Mahkeme, Narin’in annesi Yüksel Güran, amcası Salim Güran ve ağabeyi Enes Güran'a, “iştirak halinde çocuğa karşı kasten öldürme” suçundan ağırlaştırılmış müebbet hapis cezası verirken, komşuları Nevzat Bahtiyar’a ise “suç delillerini yok etme” suçundan 4 yıl 6 ay hapis cezası kararı verdi.
Ancak, dava sürecine dair birçok soru hala cevapsız kalmış durumda. CHP Genel Başkan Yardımcısı Burhanettin Bulut, sosyal medya hesabından yaptığı açıklamada, Narin’in ölümüne dair önemli noktalara dikkat çekti. Bulut, “Narin neden, kim tarafından katledildi hala bilinmiyor” diyerek, davanın ardında kalan soru işaretlerine vurgu yaptı.
Mahkemenin Kararı ve Cevapsız Sorular
Diyarbakır’da Narin Güran’ın ölümünün ardından yapılan soruşturmada, davada yargılanan dört sanık hakkında karar verildi. Narin’in annesi, amcası ve ağabeyine ağırlaştırılmış müebbet hapis cezası verilirken, komşusu Nevzat Bahtiyar’a suç delillerini yok etmekten hapis cezası verildi. Ancak dava boyunca katilin kim olduğu ve Narin’in ölümüne neyin sebep olduğu hala netleşmedi.

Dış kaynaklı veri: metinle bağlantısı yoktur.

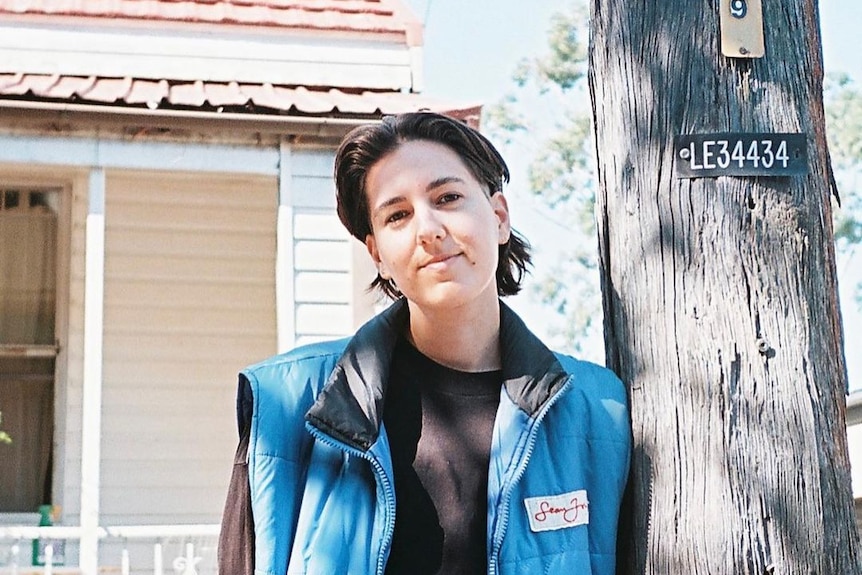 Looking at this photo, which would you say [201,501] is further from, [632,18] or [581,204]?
[581,204]

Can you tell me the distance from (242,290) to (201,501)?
154 cm

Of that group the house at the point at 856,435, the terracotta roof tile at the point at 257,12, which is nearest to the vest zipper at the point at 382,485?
the house at the point at 856,435

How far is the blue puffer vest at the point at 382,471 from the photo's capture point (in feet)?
7.80

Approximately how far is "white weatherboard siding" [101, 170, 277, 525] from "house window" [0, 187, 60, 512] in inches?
17.4

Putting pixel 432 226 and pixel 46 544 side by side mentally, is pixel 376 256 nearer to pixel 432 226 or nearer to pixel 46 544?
pixel 432 226

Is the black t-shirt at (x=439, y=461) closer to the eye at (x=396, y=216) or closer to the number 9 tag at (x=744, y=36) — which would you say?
the eye at (x=396, y=216)

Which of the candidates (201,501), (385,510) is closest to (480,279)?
(385,510)

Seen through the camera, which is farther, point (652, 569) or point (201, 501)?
point (201, 501)

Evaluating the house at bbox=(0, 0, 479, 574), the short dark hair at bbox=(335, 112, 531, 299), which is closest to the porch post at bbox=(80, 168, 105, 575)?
the house at bbox=(0, 0, 479, 574)

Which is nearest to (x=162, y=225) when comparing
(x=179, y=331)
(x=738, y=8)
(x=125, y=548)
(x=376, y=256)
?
(x=179, y=331)

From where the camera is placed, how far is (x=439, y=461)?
2508mm

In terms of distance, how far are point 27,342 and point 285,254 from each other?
1.98 meters

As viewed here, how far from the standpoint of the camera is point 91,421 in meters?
8.02

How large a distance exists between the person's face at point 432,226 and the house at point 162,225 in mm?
5801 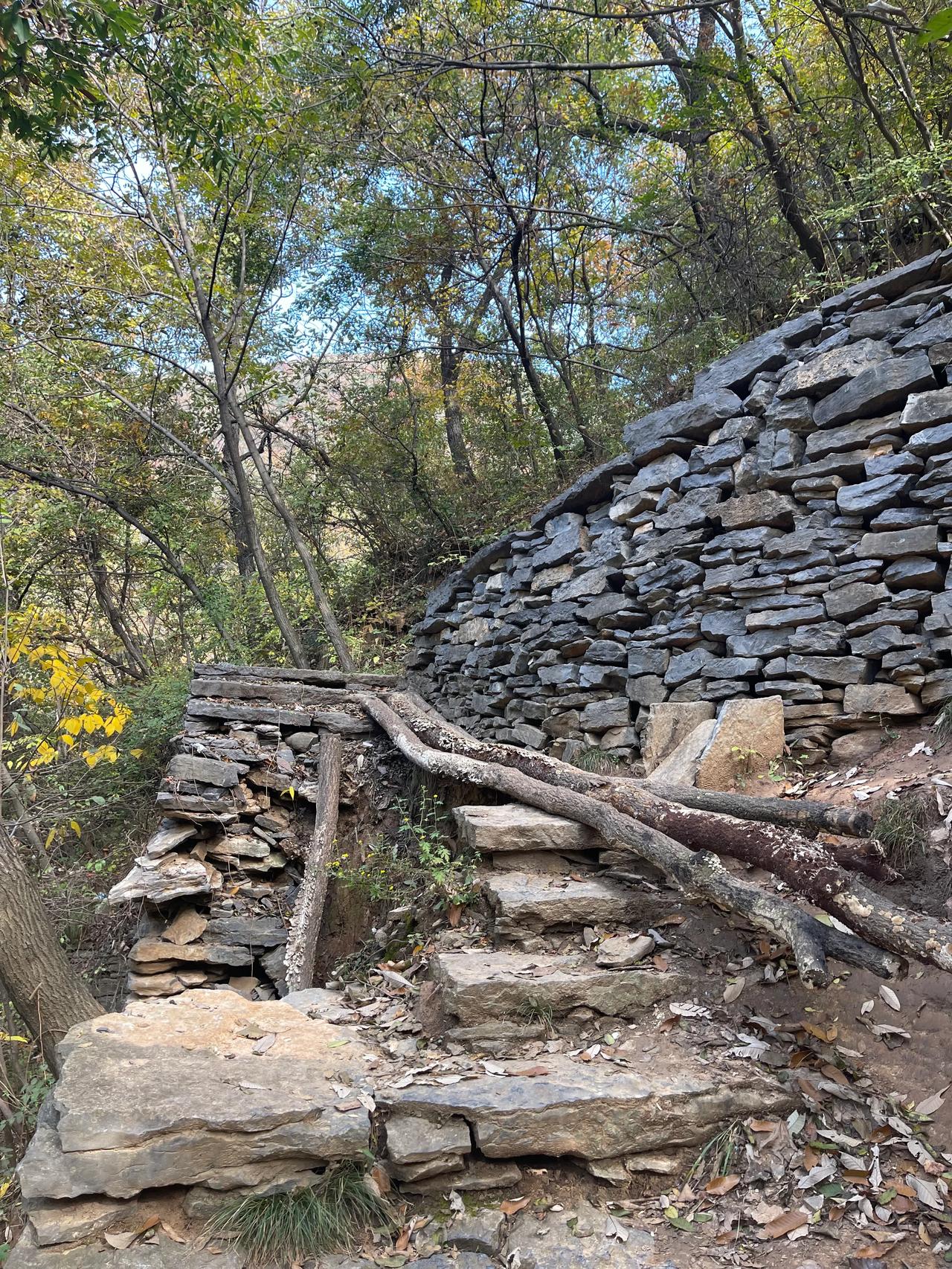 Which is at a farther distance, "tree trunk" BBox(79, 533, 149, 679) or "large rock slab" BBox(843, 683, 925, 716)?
"tree trunk" BBox(79, 533, 149, 679)

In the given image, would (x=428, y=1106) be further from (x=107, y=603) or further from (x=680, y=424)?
(x=107, y=603)

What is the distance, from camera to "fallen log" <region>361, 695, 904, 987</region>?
233cm

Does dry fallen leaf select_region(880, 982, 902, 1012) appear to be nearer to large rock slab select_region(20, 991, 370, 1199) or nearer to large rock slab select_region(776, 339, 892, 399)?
large rock slab select_region(20, 991, 370, 1199)

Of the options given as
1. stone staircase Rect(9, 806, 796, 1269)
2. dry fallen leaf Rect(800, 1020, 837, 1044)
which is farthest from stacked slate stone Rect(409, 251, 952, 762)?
stone staircase Rect(9, 806, 796, 1269)

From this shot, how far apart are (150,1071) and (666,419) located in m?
4.94

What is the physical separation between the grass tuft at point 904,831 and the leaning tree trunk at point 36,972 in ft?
12.9

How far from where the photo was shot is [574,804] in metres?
3.65

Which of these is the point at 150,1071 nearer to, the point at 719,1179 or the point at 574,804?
the point at 719,1179

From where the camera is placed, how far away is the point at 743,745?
164 inches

Burhanettin Bulut, davanın sonuçlanmasının ardından yaptığı açıklamada, özellikle Narin Güran’ın gerçek katillerinin hala bulunamamış olmasının altını çizdi. Bulut, “Narin’in katledilmesinin ardından geride bir sürü cevapsız soru kaldı. Narin’in ölümüne kim, neden sebep oldu? Adalet gerçekten yerini buldu mu?” şeklinde ifadeler kullanarak, cinayetin arkasındaki karanlık noktaların hala aydınlatılmadığını vurguladı.
Kadın ve Çocukların Yaşam Hakkı Üzerine
CHP Genel Başkan Yardımcısı Bulut, açıklamasının devamında, kadın ve çocukların yaşam hakkının savunulması gerektiğini belirtti. Bulut, “Verilen hiçbir ceza, Narin’i geri getirmeyecek. Ancak, kadın ve çocukların yaşam hakkının elinden alındığı bu adaletsiz düzeni değiştirmek mümkün” dedi. Bulut, toplumsal bir sorumluluk ve devletin yükümlülüğü olarak, kadın ve çocuklara yönelik şiddet ve cinayetlere karşı daha etkili bir mücadele verilmesi gerektiğini dile getirdi.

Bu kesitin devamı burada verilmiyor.